> _Work required_: Beginning with the first line below, please restate each line exactly, down to and including the line containing "Lumen peittämiä autoja parkissa".

> _Data excerpt_:
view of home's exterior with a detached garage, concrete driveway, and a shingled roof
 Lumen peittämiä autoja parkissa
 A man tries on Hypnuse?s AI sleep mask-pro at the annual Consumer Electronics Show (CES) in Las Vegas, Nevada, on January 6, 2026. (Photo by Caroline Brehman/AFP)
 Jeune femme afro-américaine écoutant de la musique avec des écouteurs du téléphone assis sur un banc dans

> _Written answer_:
view of home's exterior with a detached garage, concrete driveway, and a shingled roof
 Lumen peittämiä autoja parkissa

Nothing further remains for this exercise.